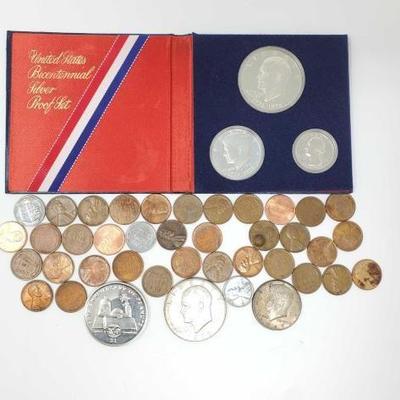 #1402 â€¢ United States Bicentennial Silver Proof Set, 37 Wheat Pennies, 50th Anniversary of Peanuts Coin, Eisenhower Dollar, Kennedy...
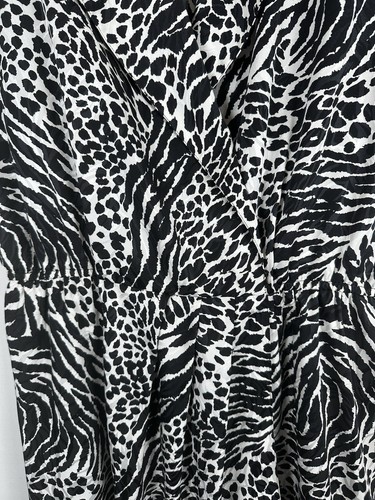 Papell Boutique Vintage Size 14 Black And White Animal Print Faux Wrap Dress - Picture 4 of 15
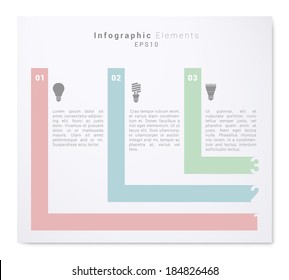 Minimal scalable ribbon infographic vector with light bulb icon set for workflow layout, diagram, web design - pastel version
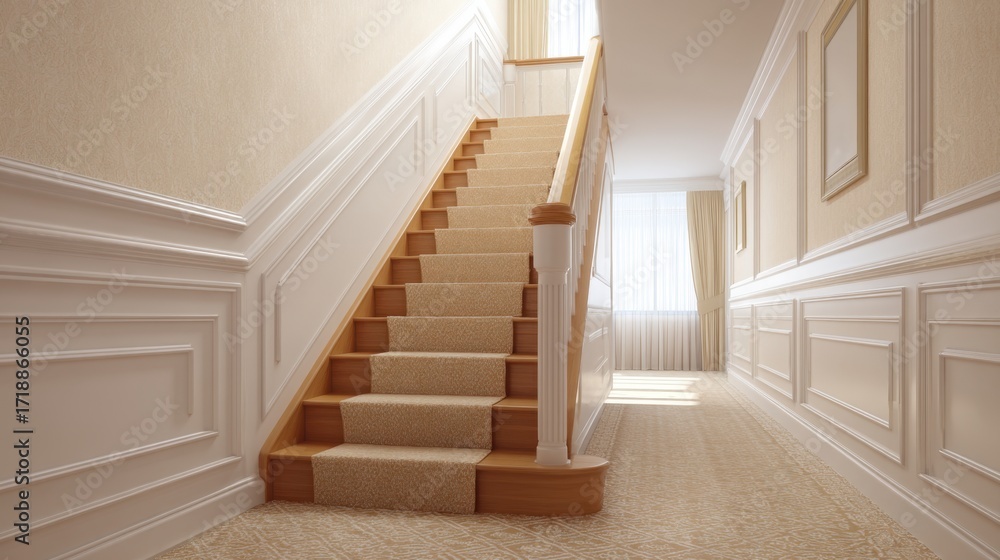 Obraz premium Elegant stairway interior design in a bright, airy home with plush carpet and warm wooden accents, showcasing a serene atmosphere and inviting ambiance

==

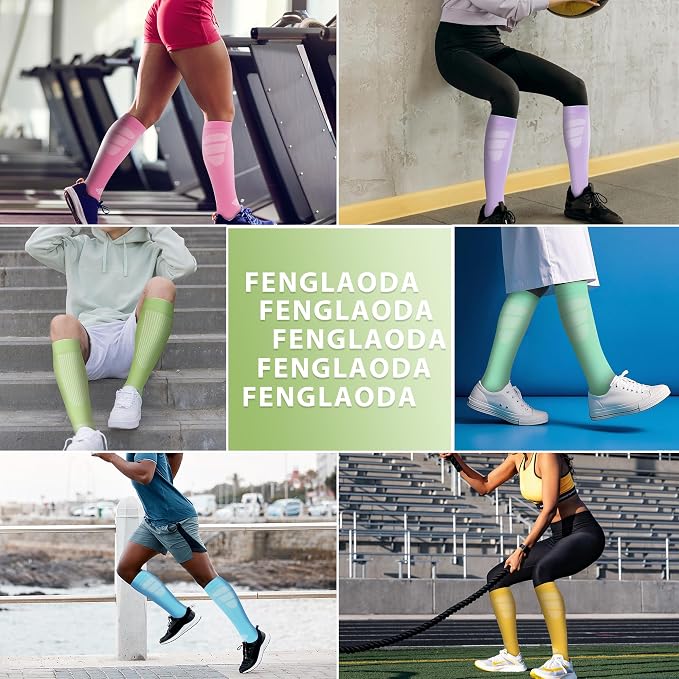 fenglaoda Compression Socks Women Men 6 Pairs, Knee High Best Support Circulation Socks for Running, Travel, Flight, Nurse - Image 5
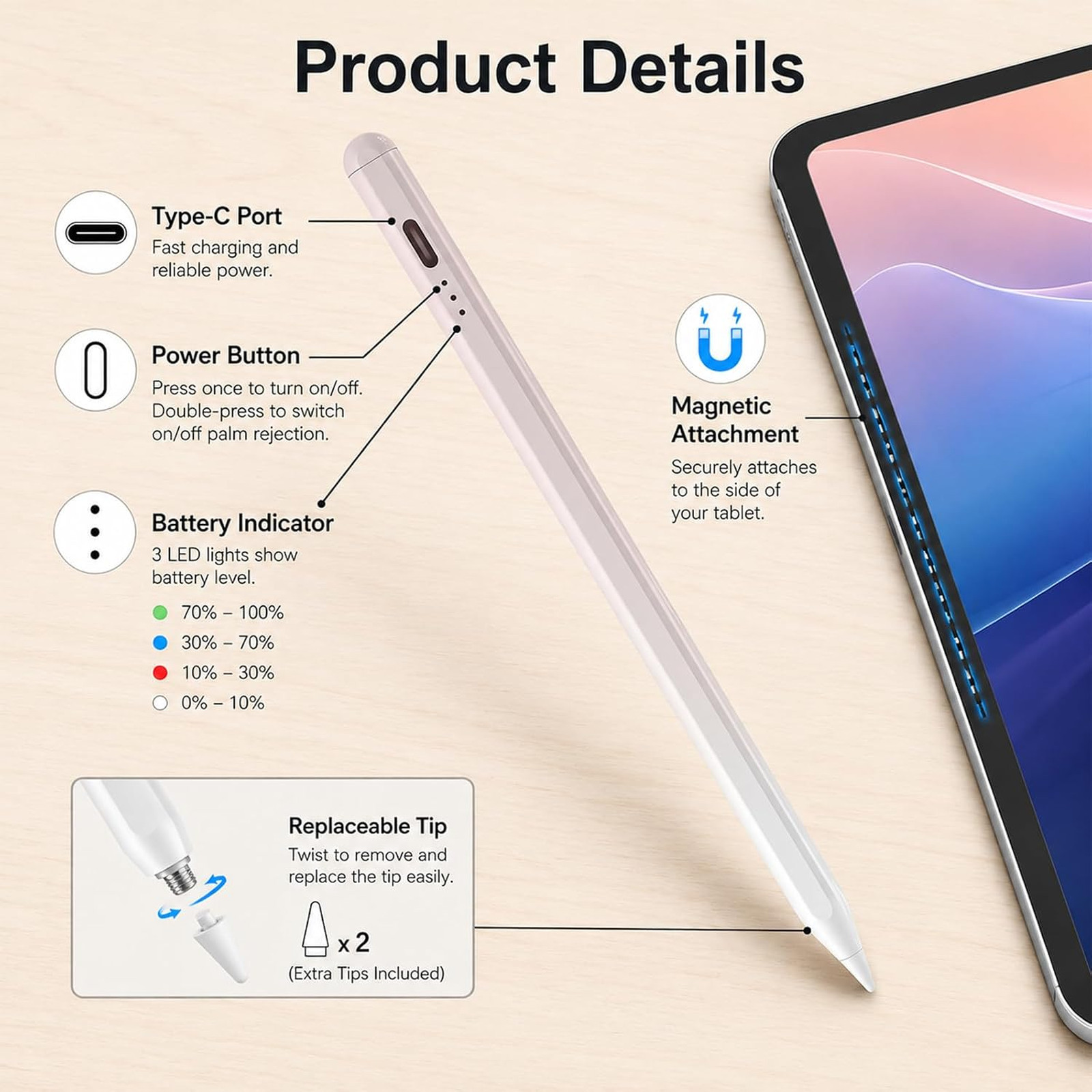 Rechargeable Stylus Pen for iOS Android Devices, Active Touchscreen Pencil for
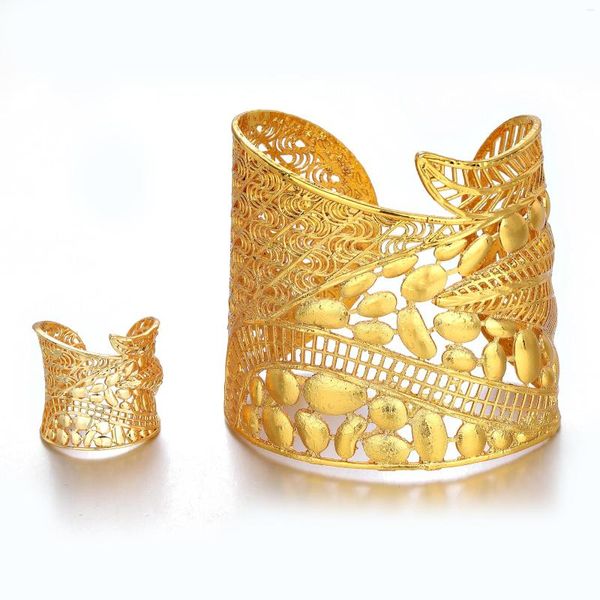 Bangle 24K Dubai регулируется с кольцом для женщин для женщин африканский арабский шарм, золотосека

==

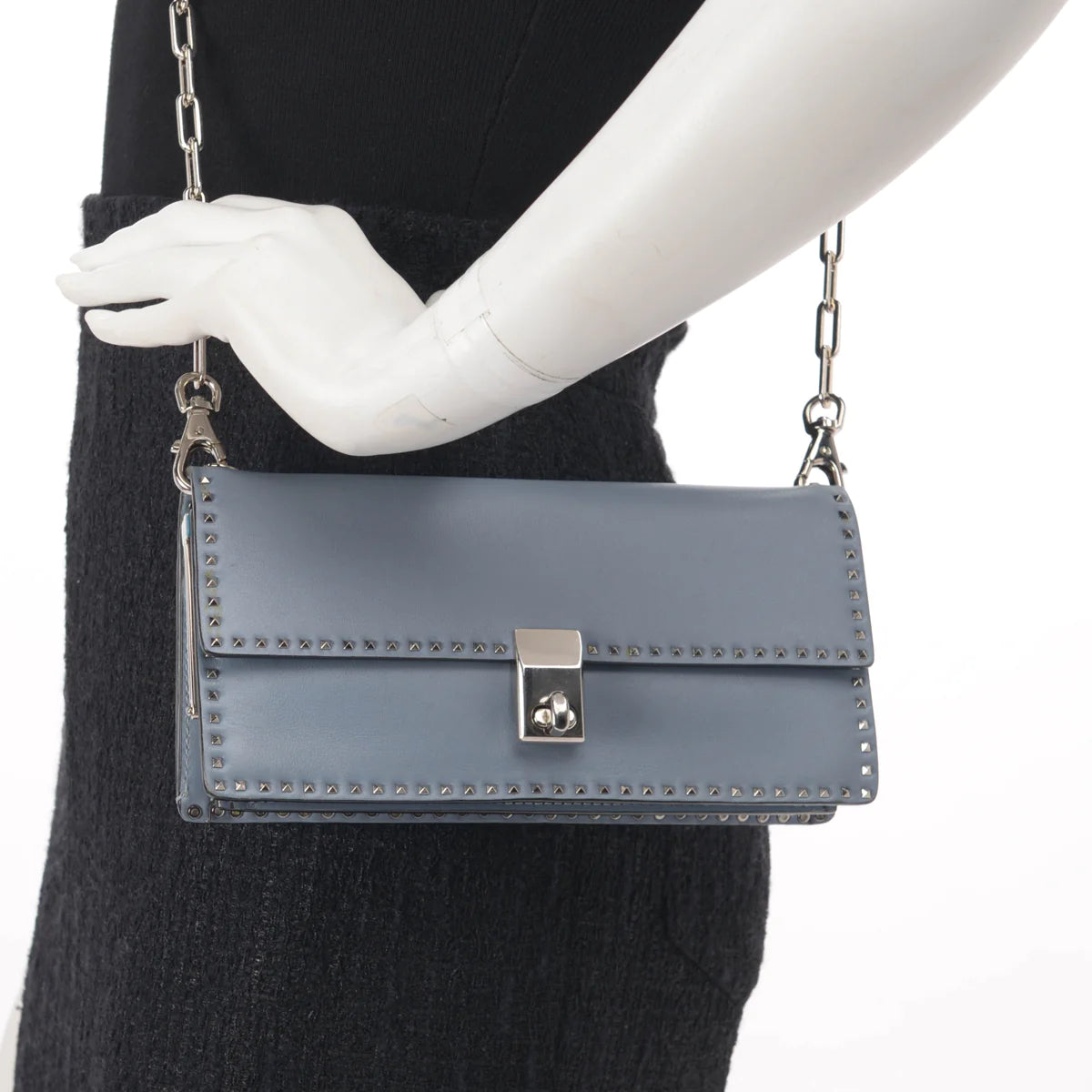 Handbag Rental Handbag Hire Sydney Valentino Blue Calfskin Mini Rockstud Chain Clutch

#### [PROBLEM STATEMENT]
Write out word for word the lines above that run from the one with "Papell Boutique Vintage" to the one with "Obraz premium Elegant". Include both end lines; exclude the images.

#### [ANSWER FOR THIS EXERCISE]
 Papell Boutique Vintage Size 14 Black And White Animal Print Faux Wrap Dress - Picture 4 of 15
 Minimal scalable ribbon infographic vector with light bulb icon set for workflow layout, diagram, web design - pastel version
 Obraz premium Elegant stairway interior design in a bright, airy home with plush carpet and warm wooden accents, showcasing a serene atmosphere and inviting ambiance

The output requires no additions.